Na ótica de Cunha e Oliveira (2009, p. 9), “o uso da gastronomia como um

ingrediente na exploração turística tem chamado a atenção dos visitantes, pois oferece

este acesso ao patrimônio cultural, possibilitando conhecer a história, a cultura e o modo

de viver de uma comunidade no formato de turismo cultural”. Nesse contexto, a

gastronomia revelou-se como um elemento ideal para atender aos anseios da “nova

procura turística”, que busca um encontro com a cultura local de forma mais autêntica

possível (UNESCO, 1985, 2003, 2005; LÓPEZ-GUZMÁN & MARGARIDA JESUS, 2011).

De acordo com Zainal et al (2010), os turistas culinários esperam um serviço de

qualidade superior, e a ênfase em especialidades locais e ingredientes frescos é crucial.

A Associação Portuguesa de Turismo de Culinária e Economia-Aptece (2015, p. 10)

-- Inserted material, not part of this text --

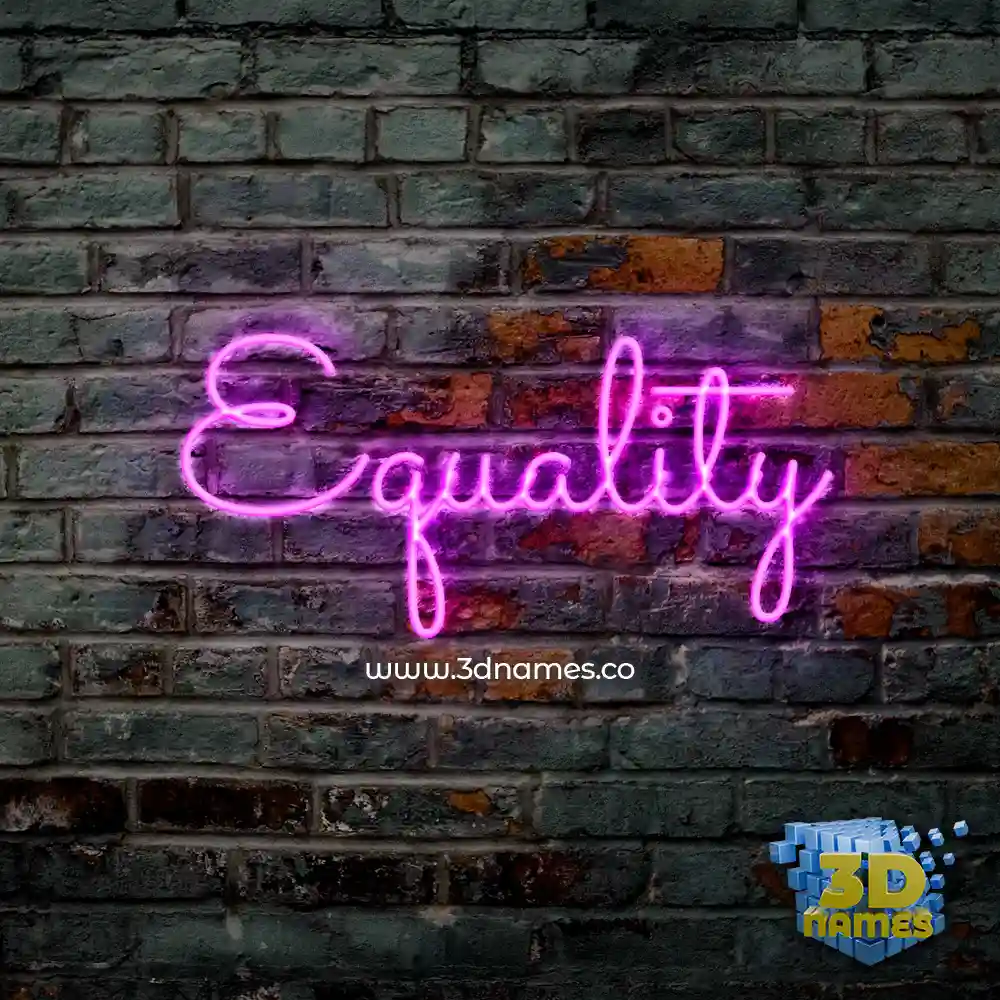 equality in Pink Neon style - 3D name wallpaper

corrobora com Zainal ao afirmar que “a comida assumiu um papel significativo na

experiência turística dos destinos, impulsionada pelas tendências crescentes de

autenticidade e a necessidade de ter uma experiência de alta qualidade”.

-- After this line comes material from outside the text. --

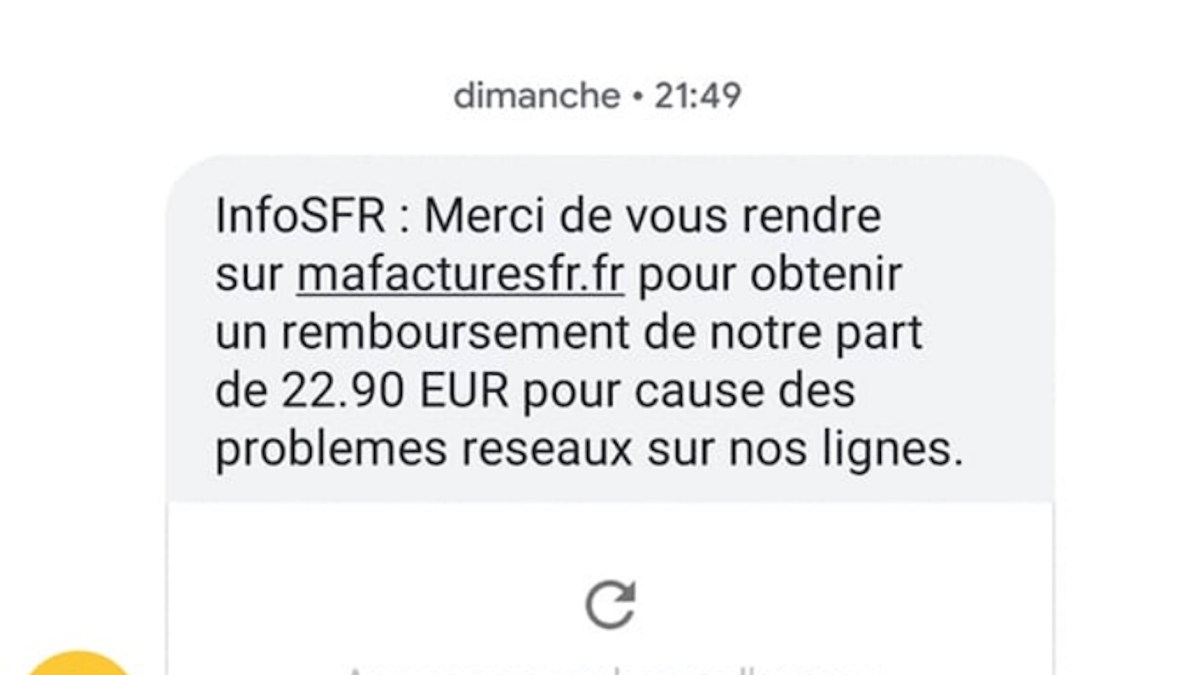Un phishing ser faisant passer pour SFR est en cours. // Source : Twitter Un phishing ser faisant passer pour SFR est en cours. // Source : Twitter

No âmbito dos destinos, essa relação entre o turismo e a gastronomia apresenta-

se como um caminho para preservar a alimentação tradicional dos locais e, nesse

contexto, contribuir para potencializar o desenvolvimento de toda a cadeia que envolve

o setor da alimentação, direta e indiretamente ligada ao turismo. Por isso esse segmento

tem-se revelado como uma peça-chave para o posicionamento dos alimentos regionais

(MONTECINOS, 2012; VÁZQUEZ DE LA TORRE Y AGUDO, 2010).

É diante deste cenário que a relação turismo e gastronomia tradicional tem-se

apresentado também como um caminho favorável para afirmar, valorizar e criar

sustentabilidade em diversos níveis para gastronomias tradicionais.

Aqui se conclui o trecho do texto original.